▶ Supplied records:
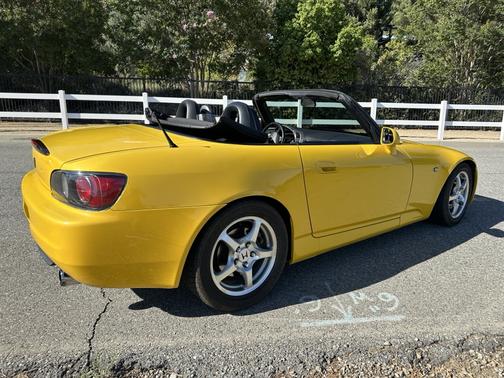2002 Honda S2000 Base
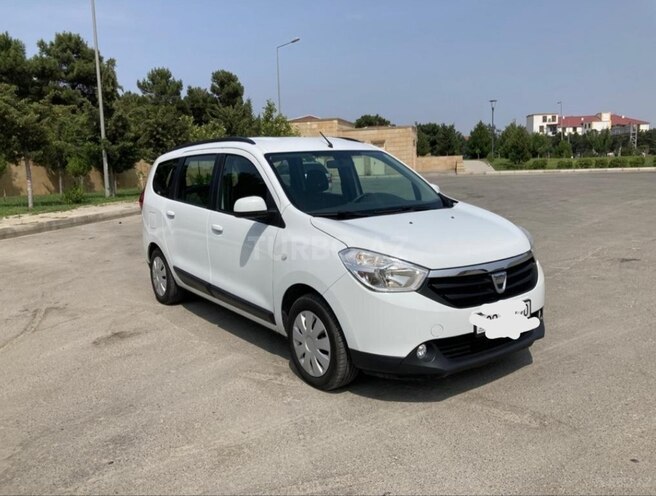Dacia Lodgy 2014, 100,000 km - 1.2 l - Bakı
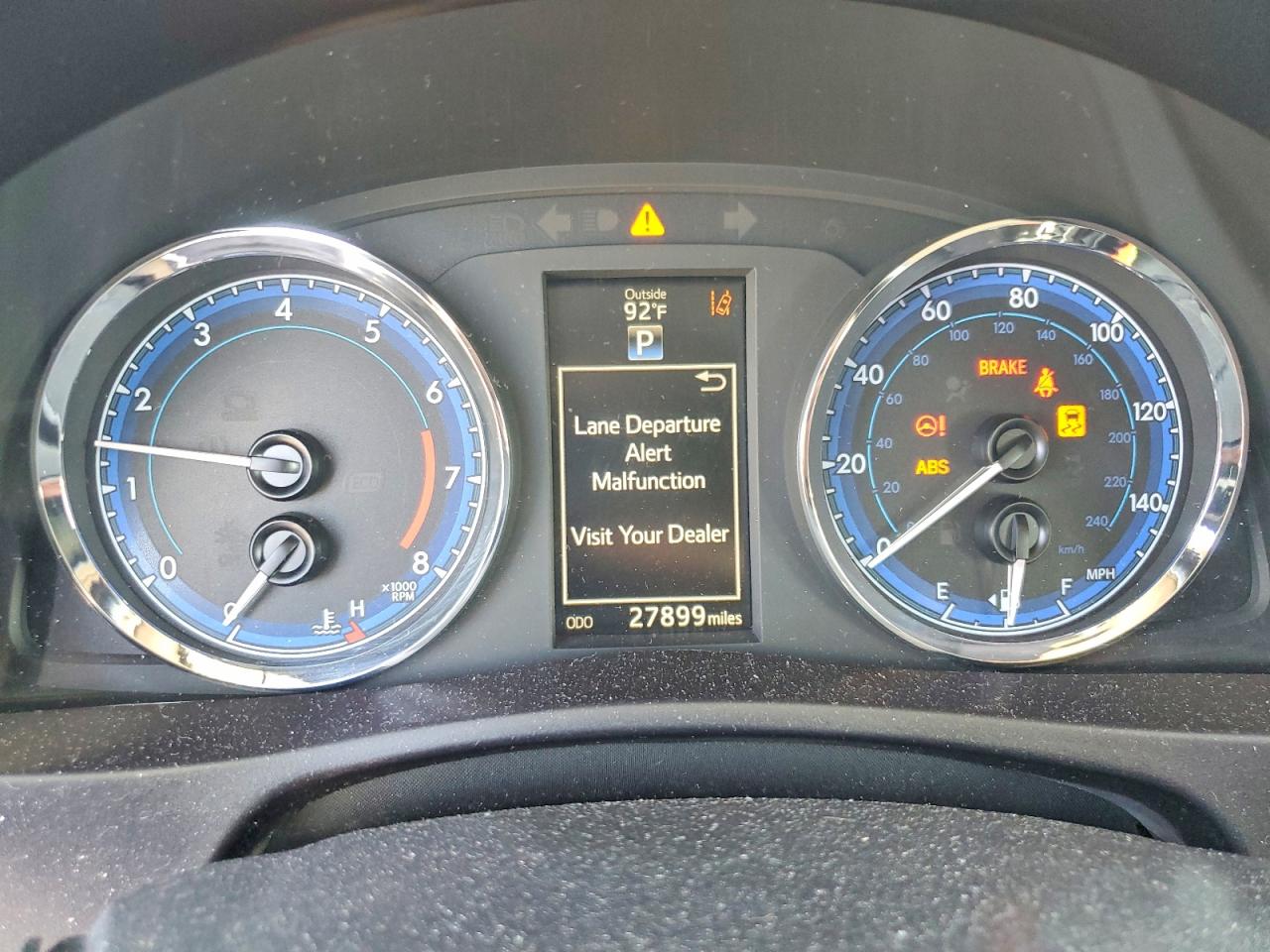 2017 TOYOTA COROLLA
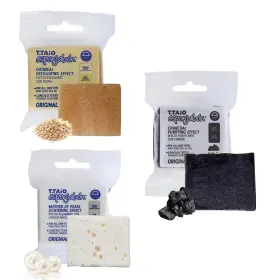 810264030138 T.TAIO Esponjabon Pack Mini Travel Soap Sponges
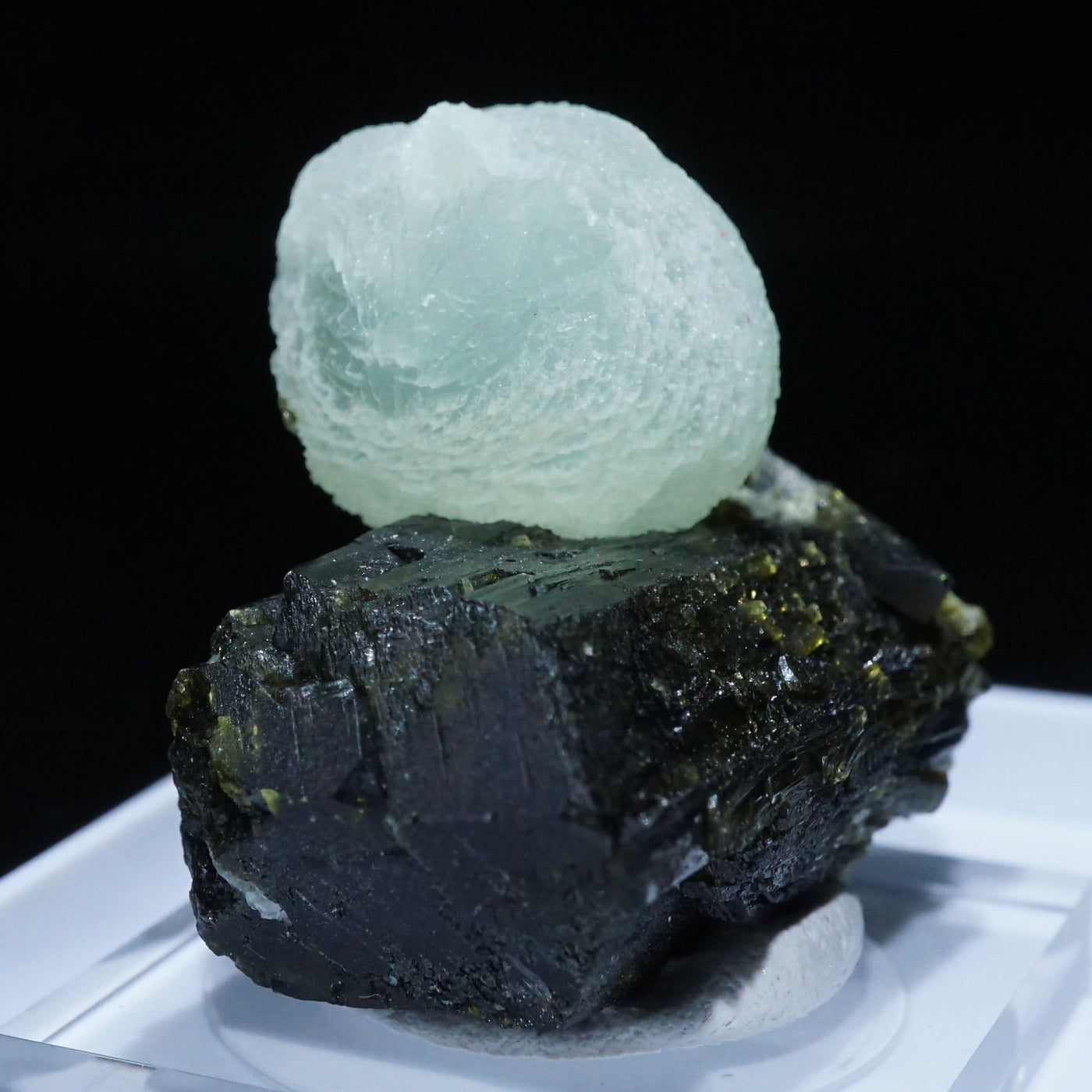 マリ共和国産 プレナイト ・エピドート – 天然石ハッピーギフト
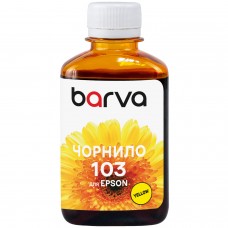 Чорнило Barva Epson 103, Yellow, 180 мл, водорозчинне (E103-698)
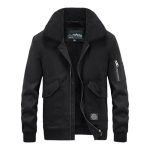 Veste militaire fourrure unisexe
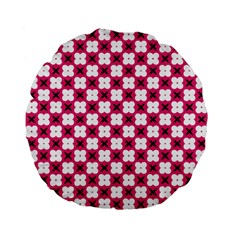 Cute Pretty Elegant Pattern 15  Premium Flano Round Cushion  by GardenOfOphir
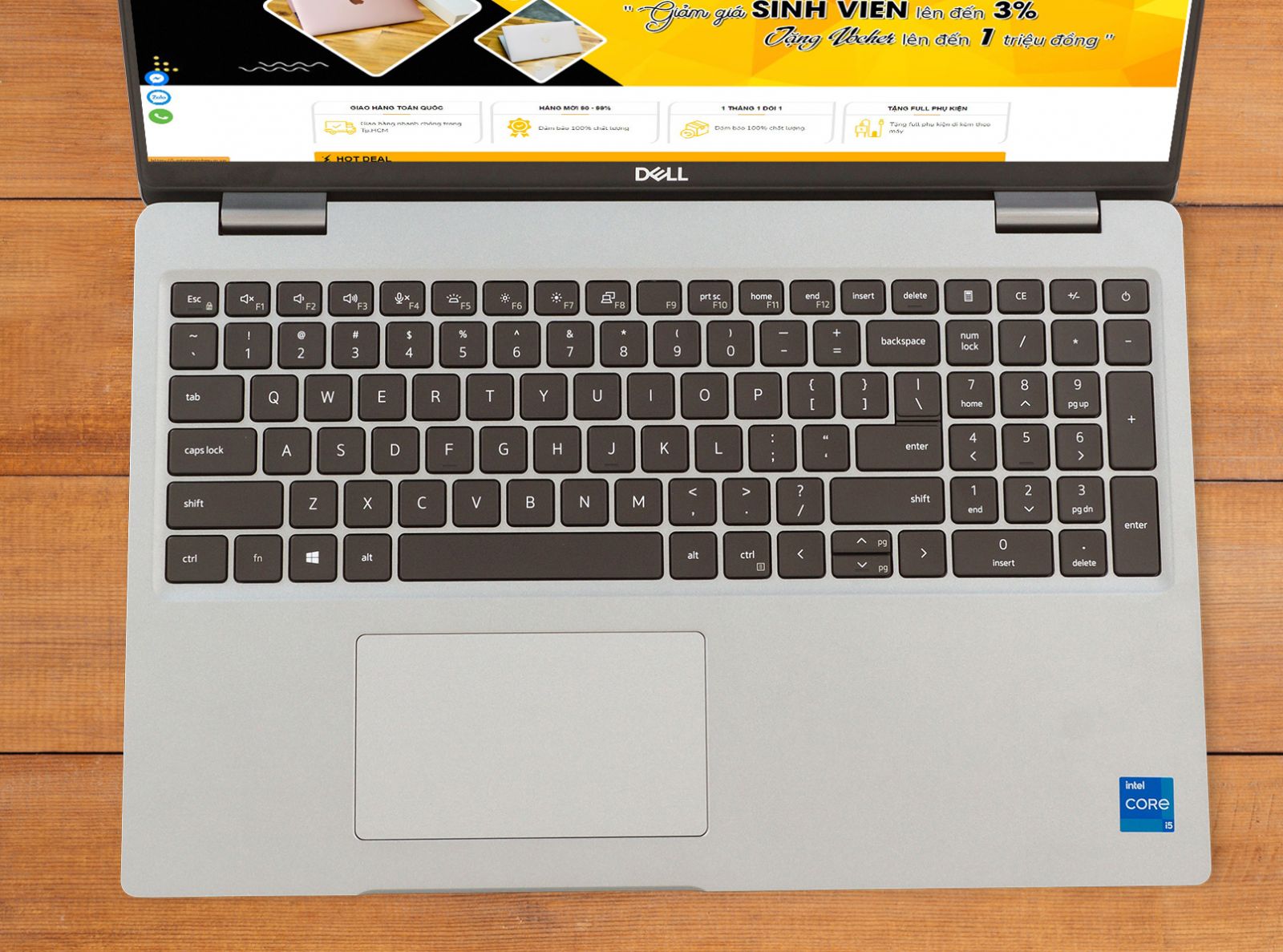 DELL LATITUDE 5520 i5 1145G7 RAM 8GB SSD 256GB 15.6INCH FHD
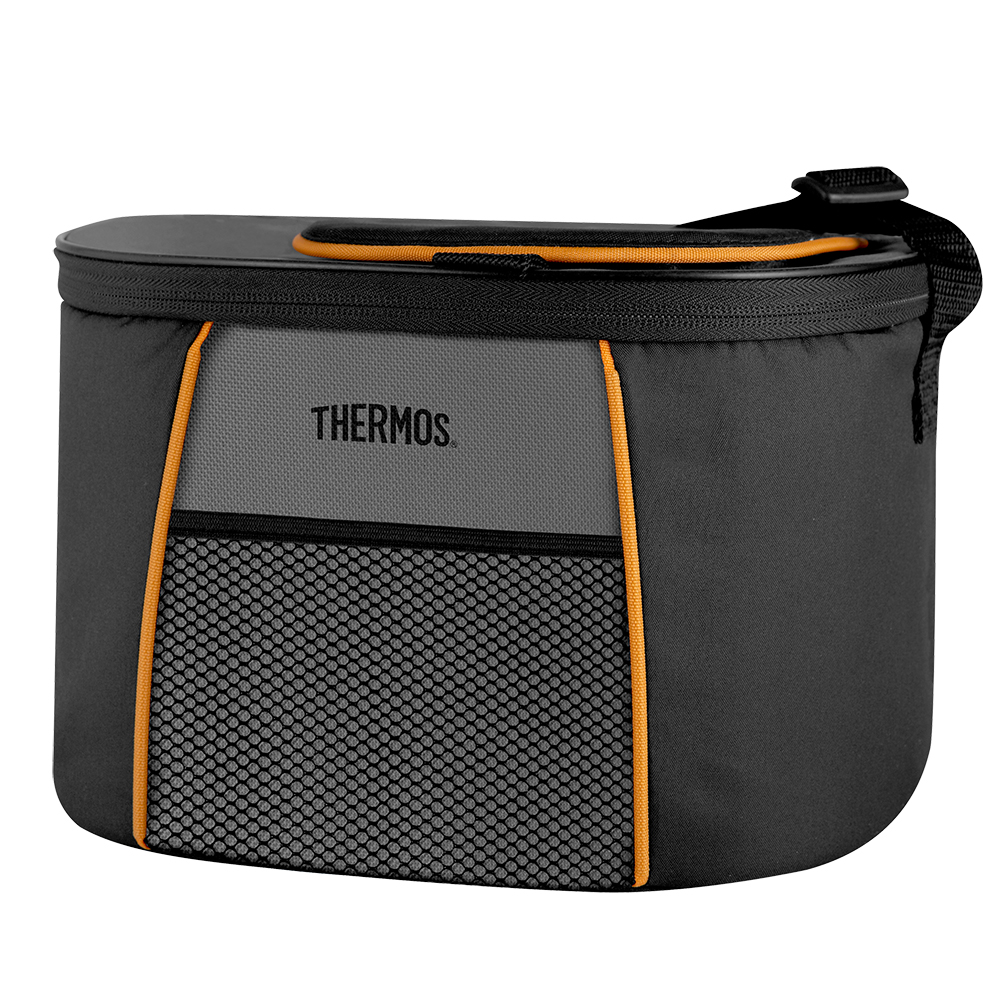 image for Thermos Element5 6-Can Cooler – Black/Gray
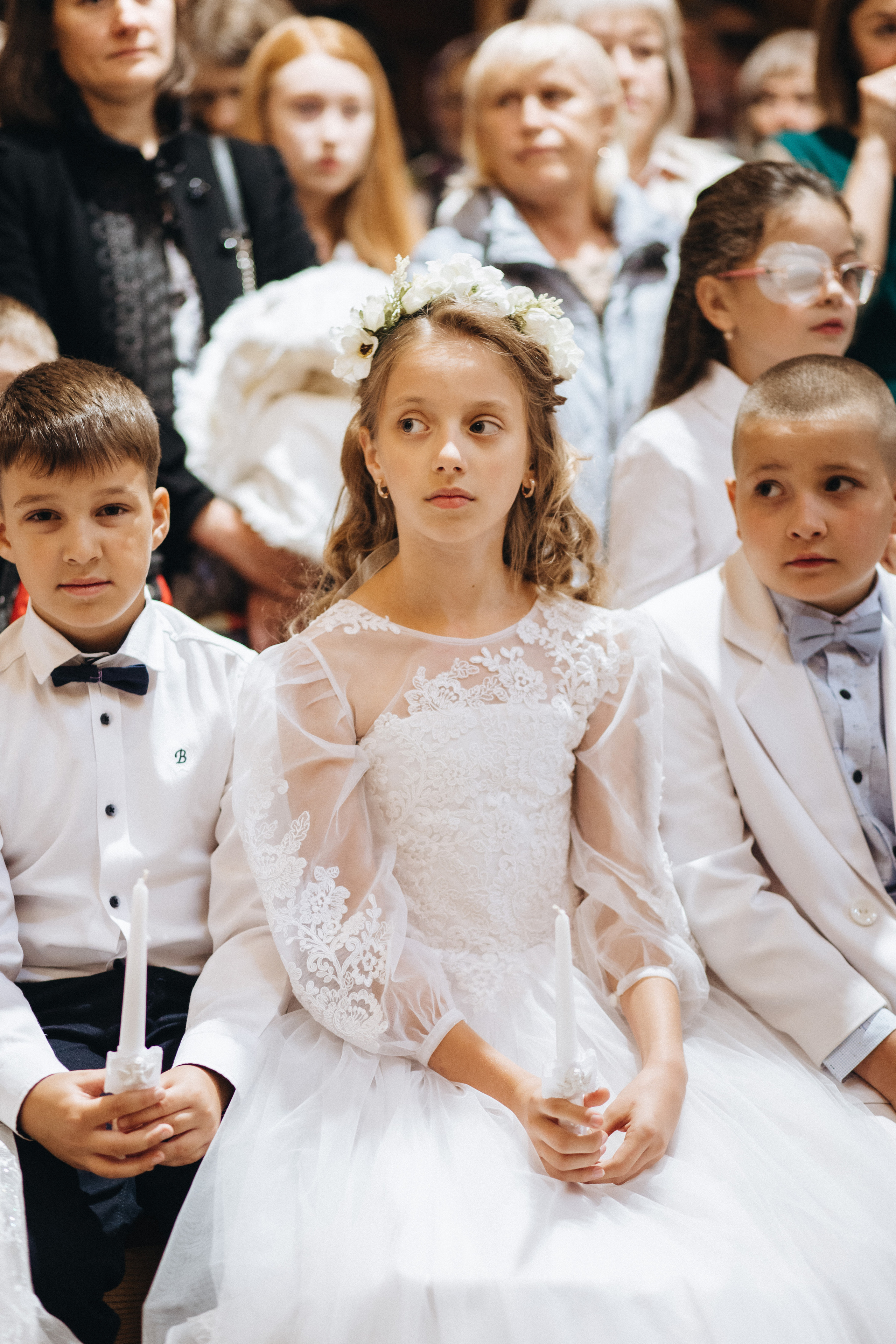 Фотограф на перше причастя. Фотограф Тетяна Бродзяк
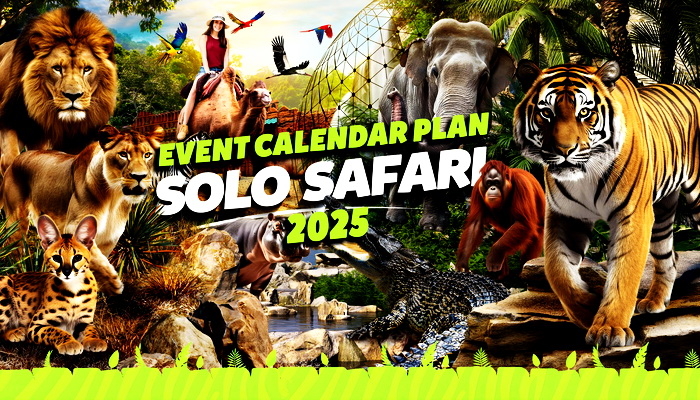 Agenda Event Seru Sepanjang Tahun 2025 di Solo Safari. Anda tertarik Berikut Penjelasanya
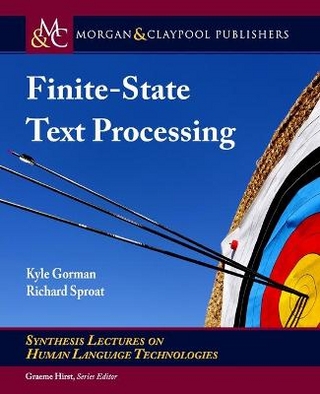 Finite-State Text Processing
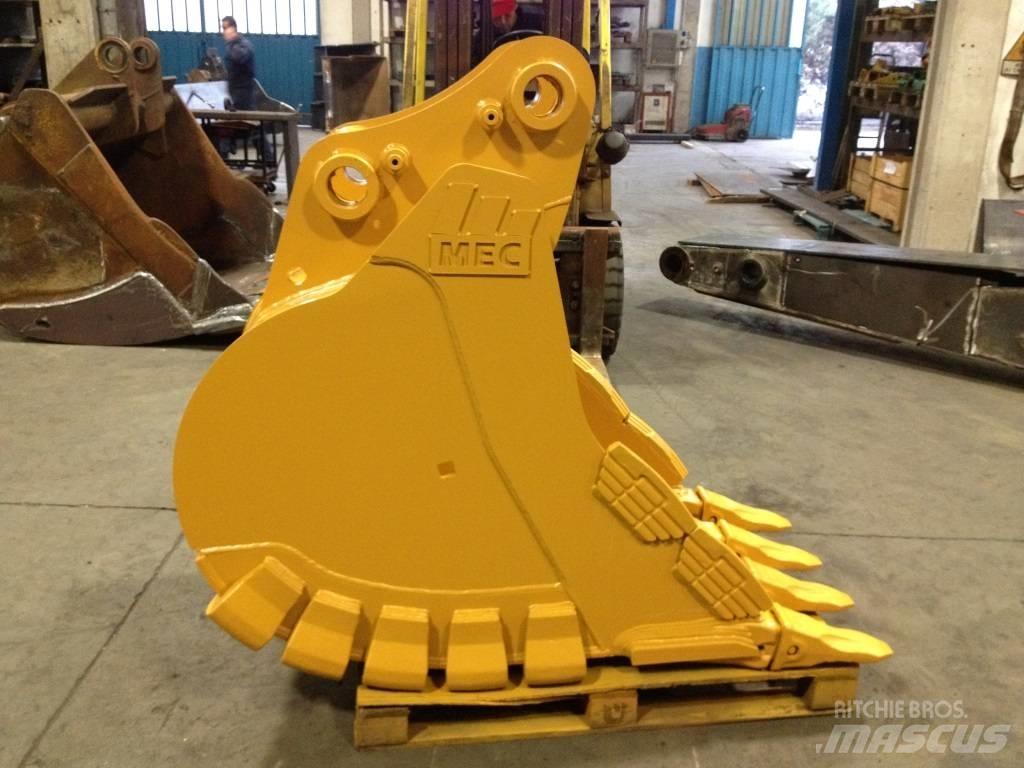 MEC KOMATSU PC450 Bakken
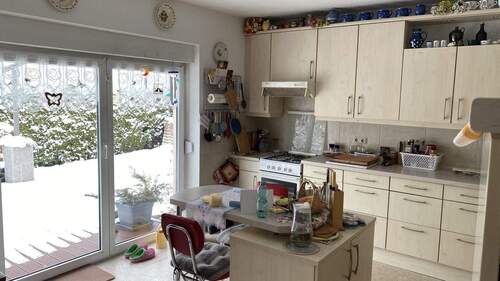 Offener Wohn-u. Kochbereich EG - 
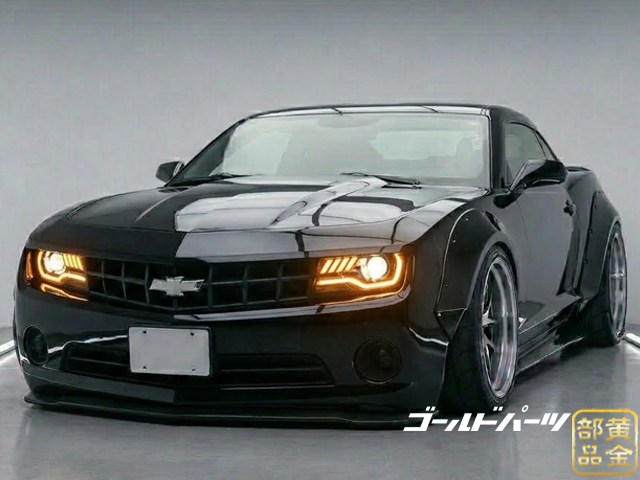 予約 日本光軸モデル 5代目 2010y~2013y シボレー カマロ フルLED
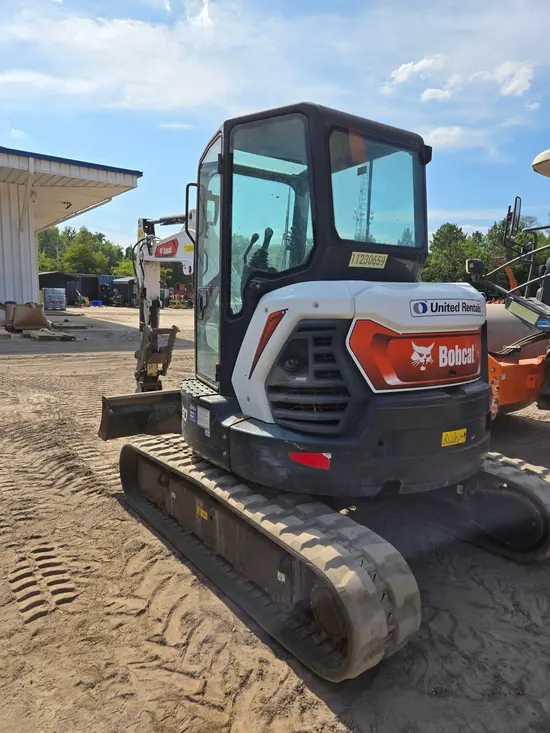 2021 Bobcat E50 Mini Excavator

▶ Exercise brief:
Excluding all pictures, reproduce the records exactly as they appear above.

▶ Answer to this task:
2002 Honda S2000 Base
Dacia Lodgy 2014, 100,000 km - 1.2 l - Bakı
 2017 TOYOTA COROLLA
 810264030138 T.TAIO Esponjabon Pack Mini Travel Soap Sponges
 マリ共和国産 プレナイト ・エピドート – 天然石ハッピーギフト
 Чорнило Barva Epson 103, Yellow, 180 мл, водорозчинне (E103-698)
 Veste militaire fourrure unisexe
 Cute Pretty Elegant Pattern 15  Premium Flano Round Cushion  by GardenOfOphir
 DELL LATITUDE 5520 i5 1145G7 RAM 8GB SSD 256GB 15.6INCH FHD
 image for Thermos Element5 6-Can Cooler – Black/Gray
 Фотограф на перше причастя. Фотограф Тетяна Бродзяк
 Agenda Event Seru Sepanjang Tahun 2025 di Solo Safari. Anda tertarik Berikut Penjelasanya
 Finite-State Text Processing
 MEC KOMATSU PC450 Bakken
 Offener Wohn-u. Kochbereich EG - 
 予約 日本光軸モデル 5代目 2010y~2013y シボレー カマロ フルLED
 2021 Bobcat E50 Mini Excavator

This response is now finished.